I need to use a library in my Zoul project which uses extensively the malloc mechanism to allocate dynamic memory.
The problem is when this library calls malloc it returns NULL since the there is not enough memory in the heap.
I have tried this simple function to see how much memory i have at the start of the program:
size_t heap_size(){
uint8_t* p = NULL;
size_t size = 0;
while((p = malloc(sizeof(uint8_t))) != NULL)
size++;
return size;
}
Which gives me a heap of just 92 bytes.
In the output of the device i can see it has an SRAM of 32 KiB. Is there a way to enlarge the portion dedicated to the heap?
There is no such way. If you look at the linker script of Zoul's CPU (CC2538), you can see these definitions that are relevant:
.bss :
{
_bss = .;
*(.bss*)
*(COMMON)
_ebss = .;
} > FRSRAM
...
_heap = .;
_eheap = ORIGIN(FRSRAM) + LENGTH(FRSRAM);
So, heap comes after the .bss
segment and potentially goes on until the end of memory. The best you can do is to use some of the Contiki memory usage reduction techniques to reduce the size of the .data
and .bss
segments and in this way get more space for the heap.
More to the point, malloc()
is not used by the Contiki operating system and is discouraged for user applications.
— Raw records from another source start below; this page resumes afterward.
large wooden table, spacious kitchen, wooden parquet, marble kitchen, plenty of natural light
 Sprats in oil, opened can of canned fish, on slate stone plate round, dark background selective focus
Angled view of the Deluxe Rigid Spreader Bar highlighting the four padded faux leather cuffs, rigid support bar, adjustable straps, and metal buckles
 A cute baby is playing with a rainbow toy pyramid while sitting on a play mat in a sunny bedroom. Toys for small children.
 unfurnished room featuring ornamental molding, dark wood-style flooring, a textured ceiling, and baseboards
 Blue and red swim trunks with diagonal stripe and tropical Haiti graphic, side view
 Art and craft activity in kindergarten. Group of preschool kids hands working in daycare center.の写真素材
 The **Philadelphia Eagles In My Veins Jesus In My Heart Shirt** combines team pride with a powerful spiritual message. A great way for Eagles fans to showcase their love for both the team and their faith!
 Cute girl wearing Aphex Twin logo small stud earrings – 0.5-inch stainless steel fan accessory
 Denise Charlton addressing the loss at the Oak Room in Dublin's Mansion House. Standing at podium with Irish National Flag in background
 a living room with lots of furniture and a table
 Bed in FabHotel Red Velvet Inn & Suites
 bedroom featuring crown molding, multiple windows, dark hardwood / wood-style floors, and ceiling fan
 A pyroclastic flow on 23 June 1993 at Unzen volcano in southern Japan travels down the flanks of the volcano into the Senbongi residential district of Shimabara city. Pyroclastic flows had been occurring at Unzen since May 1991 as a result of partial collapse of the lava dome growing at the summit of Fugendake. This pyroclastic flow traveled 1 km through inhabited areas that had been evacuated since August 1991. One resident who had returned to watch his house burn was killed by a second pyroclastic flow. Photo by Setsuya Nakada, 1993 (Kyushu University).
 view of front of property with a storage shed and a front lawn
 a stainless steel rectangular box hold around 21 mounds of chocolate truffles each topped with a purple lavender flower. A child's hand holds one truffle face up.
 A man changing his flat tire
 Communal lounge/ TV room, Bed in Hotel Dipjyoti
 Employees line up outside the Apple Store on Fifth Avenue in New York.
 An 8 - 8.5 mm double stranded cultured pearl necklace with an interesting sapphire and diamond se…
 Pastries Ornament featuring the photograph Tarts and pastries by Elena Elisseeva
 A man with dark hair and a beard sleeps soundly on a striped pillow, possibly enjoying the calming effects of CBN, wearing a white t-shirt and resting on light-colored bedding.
You are recommended to rewrite the code without dynamic memory allocation, or look for another hardware, highly preferably with MPU.
There is a good reason for this avoidance of malloc and friends. The heap and stack regions share the same memory space and while one grows downwards, the other grows upwards (they "meet in the middle"). When they start to overlap, bad things start to happen. malloc'ing as much memory as possible is a recipe for trouble - later the stack may grow and corrupt your malloc'ed memory.